(Original Paper Published by Google in 2014)
[written by Ilya Sutskever, Oriol Vinyals, Quoc V. Le]
Hello Readers!!! Welcome back to 8th Blog of Interpretable Blog Series.
Today we are going to discuss about sequence-to-sequence learning with neural networks in detail but in very narrative and simple way.
So, let's start!!!
As usual, lets first understand what is meant by neural networks.
Okay. So, you all are having a good idea about machine learning models. Machine learning model is nothing a but a mathematical equation whose original form of equation is close to our data (in ml terms we call it a good fit) isn’t it?
So, machine learning is about choosing correct mathematical equation which we often call machine learning model, suitable for our goal and nature of the data.
But there are some complex conditions which machine learning models / equations cannot solve. For example, recognizing objects from images having complex blend of variety of objects.
So, to solve such problems, there arrived a concept of deep learning. So deep learning is sub-branch of machine learning which uses neural networks to solve problems.
AND
Neural network is a type of computer program designed to think a little bit like human brain. Its made of different layers of tiny units called “Neurons”, and they work together to solve problems.
Here Is the very basic architecture for neural networks
A] Input Layer – Which takes input. i.e. Input X1, Input X2 and Input X3
B] Hidden Layer – This is the brain of neural network. According to each problem statement, this hidden layer can be different as this hidden layer contains blend of weighted connections which can be different for each problem.

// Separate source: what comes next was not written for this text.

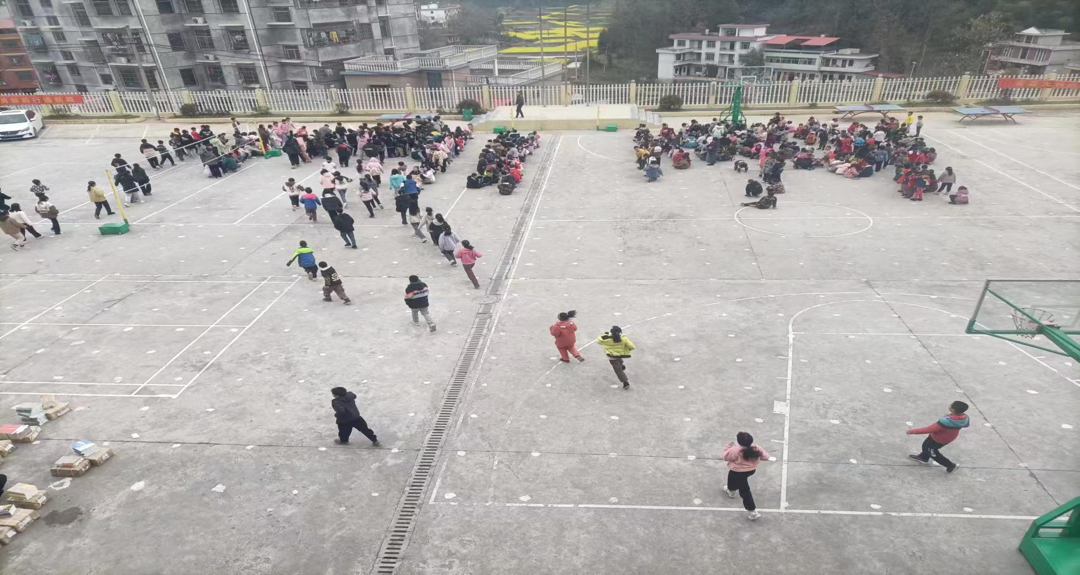 长铺中心小学开展消防安全疏散演练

C] Output Layer – Which provides output generated from hidden layer. i.e. Output Y1 and Output Y2
So now the question arises….
What is sequence to sequence learning?
In field of AI, sequence to sequence learning means when we are giving input of one sentence and at output, we are again getting some sentence (whether transformed OR translated). Translating languages, summarizing text, or generating responses in a conversation are some common examples of sequence-to-sequence learning.
So, readers. I believe that the idea of research paper is clear now.
Deep Neural Networks (DNNs) showed very good accuracy on variety of complex tasks. But they failed to give appropriate results on sequence-to-sequence mappings.
In this research paper, method is using LSTM to map input sequence (sentence) with vector of fixed dimensionality and then the last step is to decode the target sequence from the vector.
LSTM also learned sensible phrase and sentence representations that are sensitive to word order and are relatively invariant to the active and passive voice.
It is observed that when order of sentence is reversed the mappings between input sentence and output sentence are improved.
|
System |
BLEU Score |
Notes |
|
LSTM (direct translation) |
34.8 |
Penalized for out-of-vocabulary words; handled long sentences well |
|
Phrase-based SMT |
33.3 |
Standard statistical machine translation system |
|
LSTM + SMT (reranking 1000 hypotheses) |
36.5 |
Used LSTM to re-rank SMT outputs, close to previous best result |
So, readers, after looking at above information, maybe you are not familiar with some of the words. So, I will explain them in one sentence.
LSTM – Long Short-Term Memory – it is a neural network specially used for sequence-based tasks.
BLEU Score (Bilingual Evaluation Understudy) – It is an evaluation metrics which gives us magnitude of similarity between human translation and machine generated translation.
Its range is [0,1]. Closer to 1 means more accurate and vice-versa.
Deep Neural Networks are very powerful and can easily solve problems like speech recognition, visual object detection. Main strength of DNNs is ability to perform arbitrary parallel computation of longer steps.
Despite of strength and power of DNN, they can be applied to problems whose inputs and outputs can be sensibly encoded with vectors of fixed dimensionality.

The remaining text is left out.